Perhaps this is a big clue that we are overlooking? Could it be
that there is something amiss on the howe-e241a-4006-dsw-1.g2.lsu.edu
gateway/router?
re: What did the telecomm folks have to say about the asymmetry seen moving
data to/from srcc.lsu.edu from zero.unidata.ucar.edu?
>The issue of asymmetry was not the paramount issue with telecom. Again, the
>telecom guys want to wait and see the communications issues are fixed, as
>they believe the errors in the circuit are causing the problems between LSU
>and ULM.
The problem is not _just_ between LSU and ULM. We (zero.unidata.ucar.edu)

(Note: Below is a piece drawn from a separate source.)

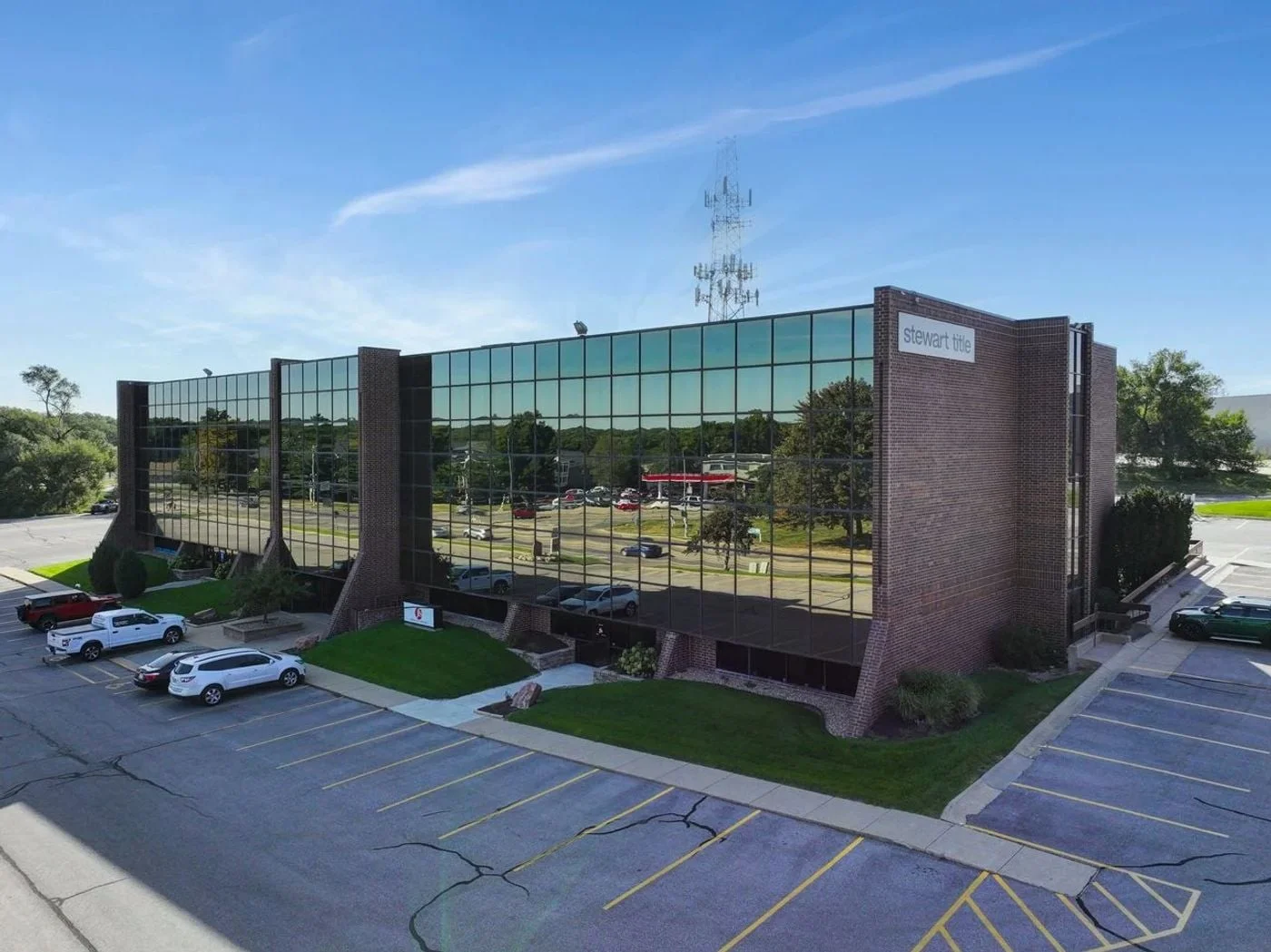 Photo 3 of 770 N Cotner Blvd, Lincoln, NE 68505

are seeing the exact same problem that ULM was seeing when trying to
feed HDS from seistan.srcc.lsu.edu. Moreover, we saw the exact same
problem during our test of feeding the HDS stream from
seistan.srcc.lsu.edu to the University of South Florida machine,
metlab.cas.usf.edu. The problem most likely exists between seistan
and Jackson State, but we can't verify this because they are not reporting
stats AND we do not have current contact information for them.
If the LSU telecomm folks are under the impression that the only
problem is between LSU and ULM, then they need to be contacted and made
aware of the problems going to such diverse sites as UCAR and USF.
Tom